The Spark 1.2.1 programming guide indicates:
"Note that if you call |schemaRDD.cache()| rather than
|sqlContext.cacheTable(...)|, tables will /not/ be cached using the
in-memory columnar format, and therefore
|sqlContext.cacheTable(...)| is strongly recommended for this use case."
Yet the API doc shows that :
def cache(): SchemaRDD
<https://spark.apache.org/docs/1.2.0/api/scala/org/apache/spark/sql/SchemaRDD.html>.this.type
Overridden cache function will always use the in-memory
columnar caching.
links
https://spark.apache.org/docs/latest/sql-programming-guide.html#caching-data-in-memory
https://spark.apache.org/docs/1.2.1/api/scala/index.html#org.apache.spark.sql.SchemaRDD
Thanks
Sincerely
Deb
On Fri, Feb 27, 2015 at 2:13 PM, Michael Armbrust
<mich...@databricks.com <mailto:mich...@databricks.com>> wrote:
From Zhan Zhang's reply, yes I still get the parquet's advantage.

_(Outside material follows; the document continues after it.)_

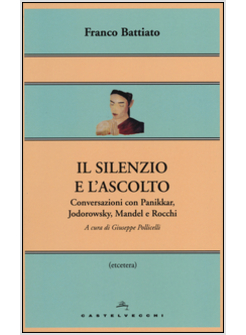 IL SILENZIO E L'ASCOLTO. CONVERSAZIONI CON PANIKKAR, JODOROWSKY, MANDEL E ROCCHI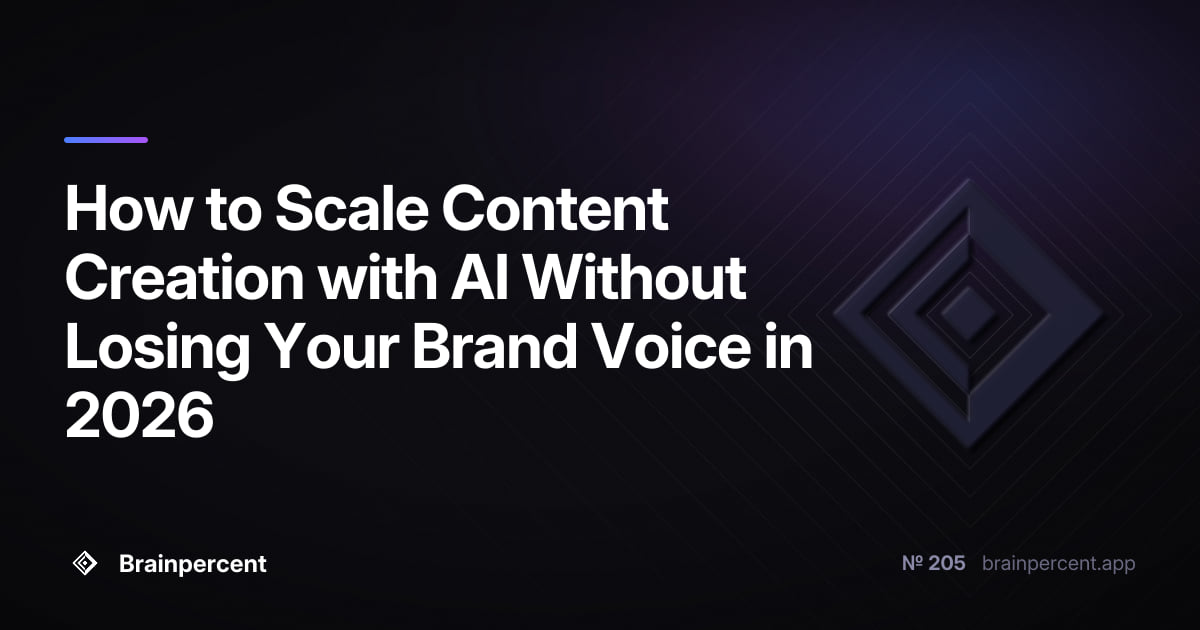 How to Scale Content Creation with AI Without Losing Your Brand Voice in 2026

You will need to at least use SQL or the DataFrame API (coming in
Spark 1.3) to specify the columns that you want in order to get
the parquet benefits. The rest of your operations can be
standard Spark.
My next question is, if I operate on SchemaRdd will I get the
advantage of
Spark SQL's in memory columnar store when cached the table using
cacheTable()?
Yes, SchemaRDDs always use the in-memory columnar cache for
cacheTable and .cache() since Spark 1.2+